The same with Neo4j 5.11.0 and GDS 2.5.3.
However, they fail (in the same way as before) with Neo4j 5.12.0 and GDS 2.5.0. So this seems to imply that the root issue is actually in Neo4j 5.12.0 onwards.
Thanks for the info @cybersam ! What JVM are you using?
...$ java -version openjdk version "17.0.9" 2023-10-17 LTS OpenJDK Runtime Environment Corretto-17.0.9.8.1 (build 17.0.9+8-LTS) OpenJDK 64-Bit Server VM Corretto-17.0.9.8.1 (build 17.0.9+8-LTS, mixed mode, sharing)
[ec2-user@ip-172-31-13-182 ~]$ java -version openjdk version "17.0.9" 2023-10-17 LTS OpenJDK Runtime Environment Corretto-17.0.9.8.1 (build 17.0.9+8-LTS) OpenJDK 64-Bit Server VM Corretto-17.0.9.8.1 (build 17.0.9+8-LTS, mixed mode, sharing)
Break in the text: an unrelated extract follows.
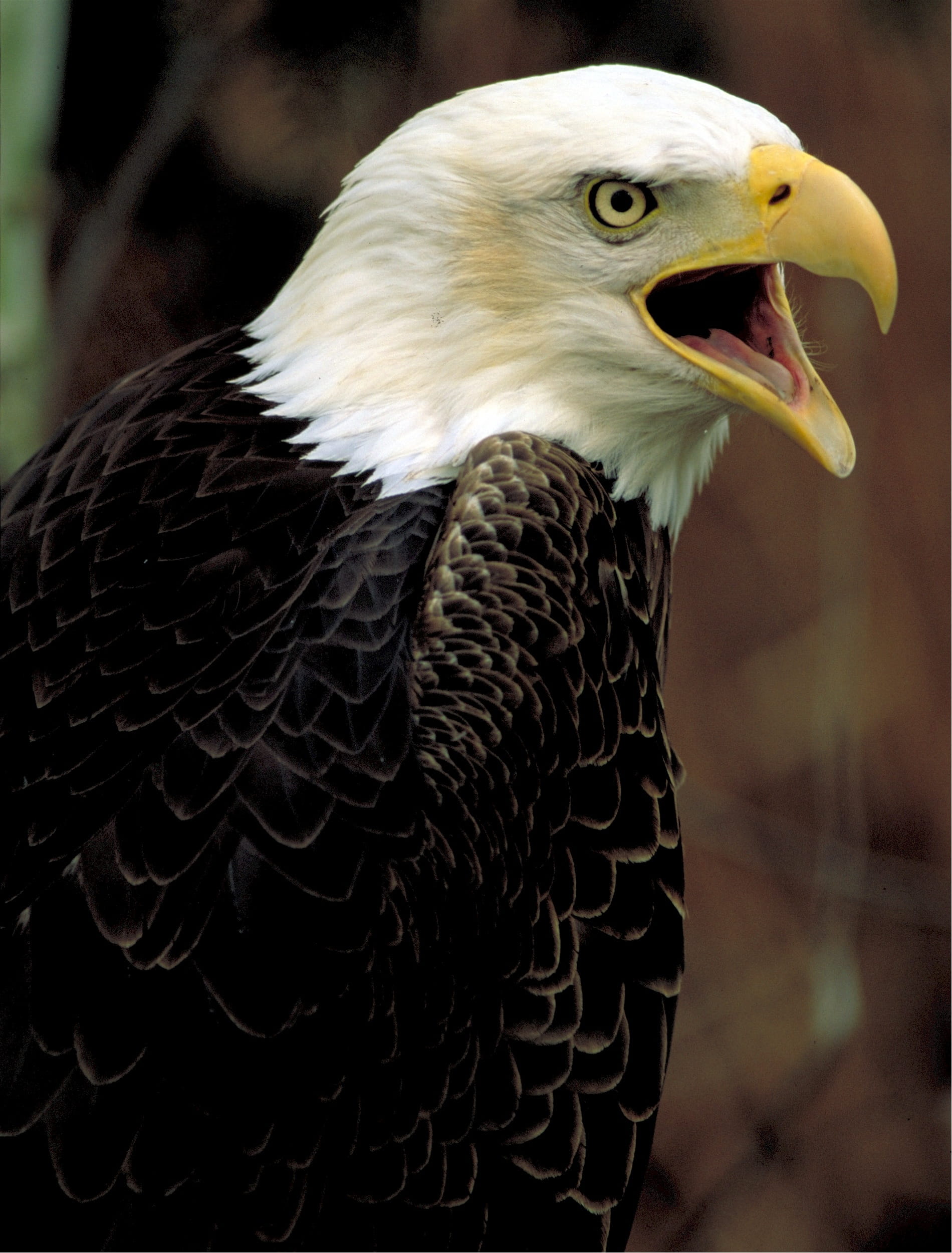 nature, animal mouth, looking, bald, animal body part, animal wildlife, close-up, mouth open, vertebrate, falcon - bird, animal, bird, one animal, focus on foreground, Phone HD Wallpaper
Great, thank you! We're looking into this
Any updates or recommendations for this issue? Ideally not involving downgrading the Neo4j version. Thank you
@cybersam @lukepereira
The issue was with the Cypher runtime but should be fixed as of Neo4j DB version 5.16. Would you be able to try your code with this version?